Distorsi ini berlangsung di semua lini, dari struktur yang paling mendasar, seperti konflik antara legislatif dan eksekutif dengan kepentingan parpol sangat besar, proses amendemen konstitusi yang tak tuntas, dan konsisten dengan sistem kepemimpinan nasional.
Selain itu, pelaksanaan kebijakan otonomi daerah yang memperlihatkan penyimpangan agenda kesejahteraan rakyat menjadi agenda kesejahteraan elite lokal, penyimpangan/pelanggaran dalam penyelenggaraan pemilu, lolosnya partai-partai dalam pemilu yang ditengarai belum valid, dan revisi lima tahunan terhadap paket UU Politik yang tidak didasarkan atas pertimbangan jangka panjang untuk kepentingan nasional Indonesia.
Baca juga: Memperkuat Demokrasi Kita
Perbaikan ke depan
Distorsi-distorsi itu berlangsung dalam konteks intervensi pasar melalui masuknya liberalisasi ekonomi sejak 1998 yang menuntut agar negara mempunyai kelengkapan struktur institusi untuk memuluskan investasi, sementara di sisi lain penegakan demokrasi substansial masih lemah.
Dengan terpetakannya distorsi yang mengiringi pelaksanaan demokrasi dan keindonesiaan dalam konteks pemilu, ke depan diharapkan ada pembenahan/perbaikan yang serius mengenai paradigma demokrasi, keindonesiaan, dan pemilu.
Hal ini diperlukan untuk mencari format yang tepat mengenai demokrasi Indonesia yang mengedepankan aspek-aspek keindonesiaan dalam kaitannya dengan pemerintahan yang governability (yang benar- benar dapat menjalankan fungsi eksekusi yang dimilikinya) sebagai hasil pemilu.
Pemilu yang berkualitas akan menghasilkan pemerintahan yang berkualitas.
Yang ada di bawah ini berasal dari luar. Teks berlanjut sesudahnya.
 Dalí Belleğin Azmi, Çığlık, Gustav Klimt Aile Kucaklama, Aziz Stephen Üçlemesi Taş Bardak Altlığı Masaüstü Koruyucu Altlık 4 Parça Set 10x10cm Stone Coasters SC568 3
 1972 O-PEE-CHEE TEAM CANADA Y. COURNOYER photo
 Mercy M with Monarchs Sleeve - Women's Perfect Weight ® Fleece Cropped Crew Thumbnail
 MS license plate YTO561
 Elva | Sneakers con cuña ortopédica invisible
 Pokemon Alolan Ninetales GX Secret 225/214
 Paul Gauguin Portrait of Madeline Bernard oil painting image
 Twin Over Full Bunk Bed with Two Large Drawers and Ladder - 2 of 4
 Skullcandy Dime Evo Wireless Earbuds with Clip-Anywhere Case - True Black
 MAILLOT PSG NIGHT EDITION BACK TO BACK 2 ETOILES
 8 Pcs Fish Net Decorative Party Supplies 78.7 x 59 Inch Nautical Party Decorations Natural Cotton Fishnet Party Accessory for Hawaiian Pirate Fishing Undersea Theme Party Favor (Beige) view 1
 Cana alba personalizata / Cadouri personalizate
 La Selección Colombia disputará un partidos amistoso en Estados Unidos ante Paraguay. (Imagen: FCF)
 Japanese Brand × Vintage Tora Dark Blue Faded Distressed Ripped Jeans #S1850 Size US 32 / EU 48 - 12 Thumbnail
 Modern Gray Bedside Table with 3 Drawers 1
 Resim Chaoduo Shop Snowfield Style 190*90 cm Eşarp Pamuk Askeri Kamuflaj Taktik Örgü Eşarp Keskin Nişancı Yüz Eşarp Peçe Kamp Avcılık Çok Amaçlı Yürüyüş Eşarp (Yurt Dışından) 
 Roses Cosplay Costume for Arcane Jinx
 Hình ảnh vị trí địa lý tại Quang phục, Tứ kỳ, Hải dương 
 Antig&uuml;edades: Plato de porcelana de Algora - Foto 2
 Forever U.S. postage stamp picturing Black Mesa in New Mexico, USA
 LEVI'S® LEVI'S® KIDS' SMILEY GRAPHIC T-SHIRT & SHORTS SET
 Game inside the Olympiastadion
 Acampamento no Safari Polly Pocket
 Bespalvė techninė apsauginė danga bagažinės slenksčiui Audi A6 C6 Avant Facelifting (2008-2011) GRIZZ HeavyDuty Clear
Tata kelola pemerintahan yang baik tidak mungkin dihasilkan dari pemilu yang silang sengkarut, penuh pelanggaran, dan menghalalkan semua cara, pokoke menang. Tata kelola pemerintahan yang baik dan efektif bisa diwujudkan oleh pemimpin yang kredibel dan akuntabel, yaitu pemimpin yang mampu meningkatkan kesejahteraan rakyat.
Melalui pemilu bisa dikompetisikan calon pemimpin yang baik dengan cara langsung, umum, bebas, rahasia (luber), jujur dan adil (jurdil), sehingga menghasilkan pemimpin yang terbaik.
Dalam konteks Indonesia, diperlukan demokrasi ala Indonesia yang mengakomodasi keindonesiaan dan kemajemukan (archipelago) yang memiliki landasan kuat untuk mengimplementasikan semua sila dalam Pancasila.
Suatu demokrasi yang menjunjung tinggi nilai Ketuhanan Yang Maha Esa, Kemanusiaan yang Adil dan Beradab, Persatuan Indonesia, Kerakyatan yang Dipimpin oleh Hikmah Kebijaksanaan dalam Permusyawaratan/Perwakilan, dan Keadilan Sosial bagi Seluruh Rakyat Indonesia.
Melalui pemilu bisa dikompetisikan calon pemimpin yang baik dengan cara langsung, umum, bebas, rahasia (luber), jujur dan adil (jurdil), sehingga menghasilkan pemimpin yang terbaik, yaitu pemimpin dengan ditopang tata kelola pemerintahan yang baik dan yang memihaki bangsa sendiri: yang bisa memberikan rasa aman, melindungi semua warga masyarakat dan partisipasinya tanpa diskriminasi, mampu menegakkan hukum dan menyejahterakan rakyat.